--- Work to complete ---
Could you please output only the lines from the one holding "A pool with" through the end of the listing below, exactly as written and without pictures?
┄┄┄┄┄┄┄┄┄┄┄┄┄┄┄┄┄┄┄┄
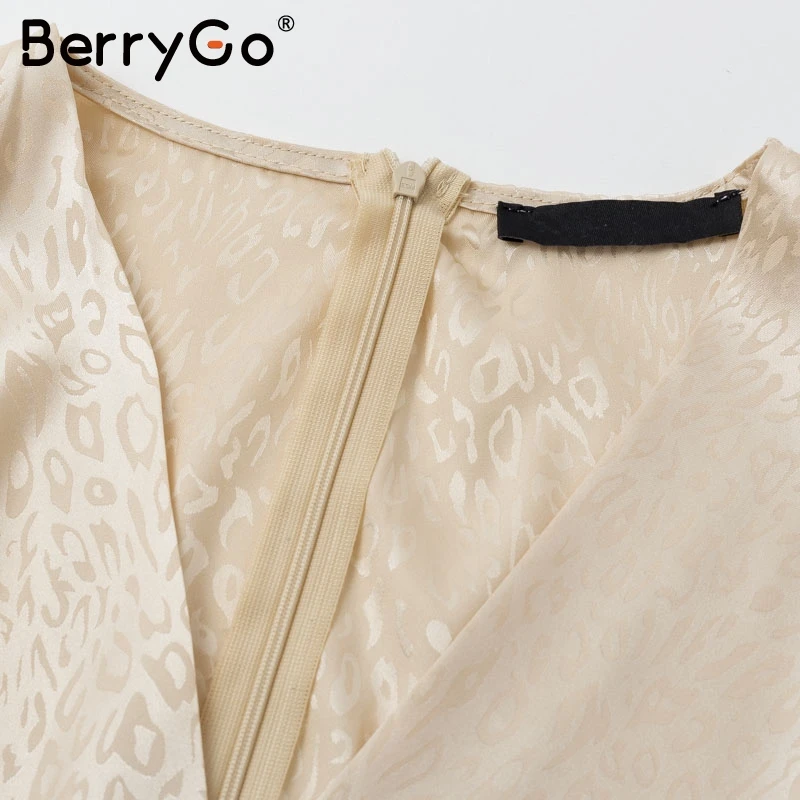 BerryGo Sexy Autumn winter puff sleeve sash belt female blouses shirts Sexy v-neck printed women blouse Elegant party ladies top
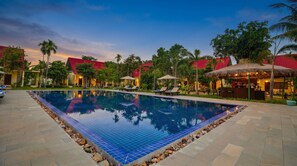 A pool with tiled edges, lounge chairs, and a bar area with umbrellas. - Habana Angkor Resort (Siem Reap)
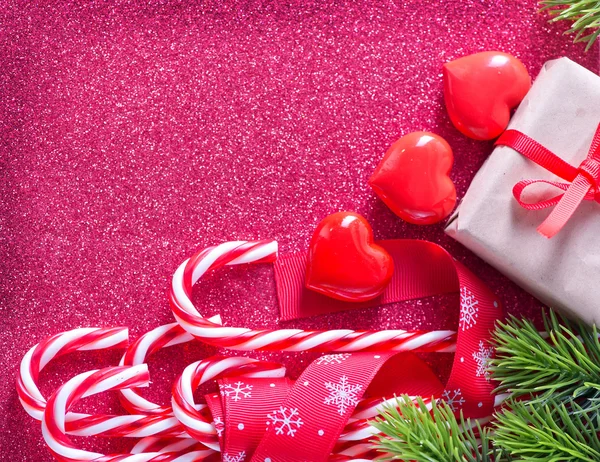 Christmas candies and hearts — Stock Photo, Image
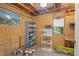 Unfinished storage space showcasing exposed beams, shelving, and natural light through a window at 2322 Stroller Ave, Durham, NC 27705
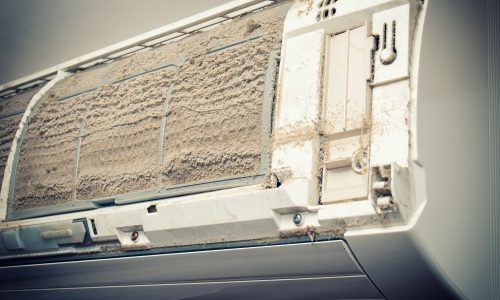 Dirty air condition Closeup view of an open Air condition unit and very dirty air filters.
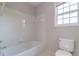 Bright bathroom featuring a standard tub with white tile surround and a toilet at 2848 Stockbridge Way, Dacula, GA 30019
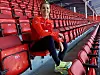 Andrine Hegerberg sits in a red stadium seat wearing Brann training attire.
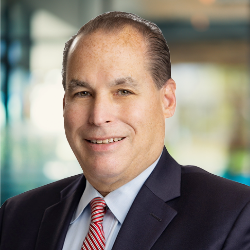 Chris Owens headshot, a smiling man with short dark hair, wearing a suit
┄┄┄┄┄┄┄┄┄┄┄┄┄┄┄┄┄┄┄┄
--- Answer area ---
 A pool with tiled edges, lounge chairs, and a bar area with umbrellas. - Habana Angkor Resort (Siem Reap)
 Christmas candies and hearts — Stock Photo, Image
 Unfinished storage space showcasing exposed beams, shelving, and natural light through a window at 2322 Stroller Ave, Durham, NC 27705
 Dirty air condition Closeup view of an open Air condition unit and very dirty air filters.
 Bright bathroom featuring a standard tub with white tile surround and a toilet at 2848 Stockbridge Way, Dacula, GA 30019
 Andrine Hegerberg sits in a red stadium seat wearing Brann training attire.
 Chris Owens headshot, a smiling man with short dark hair, wearing a suit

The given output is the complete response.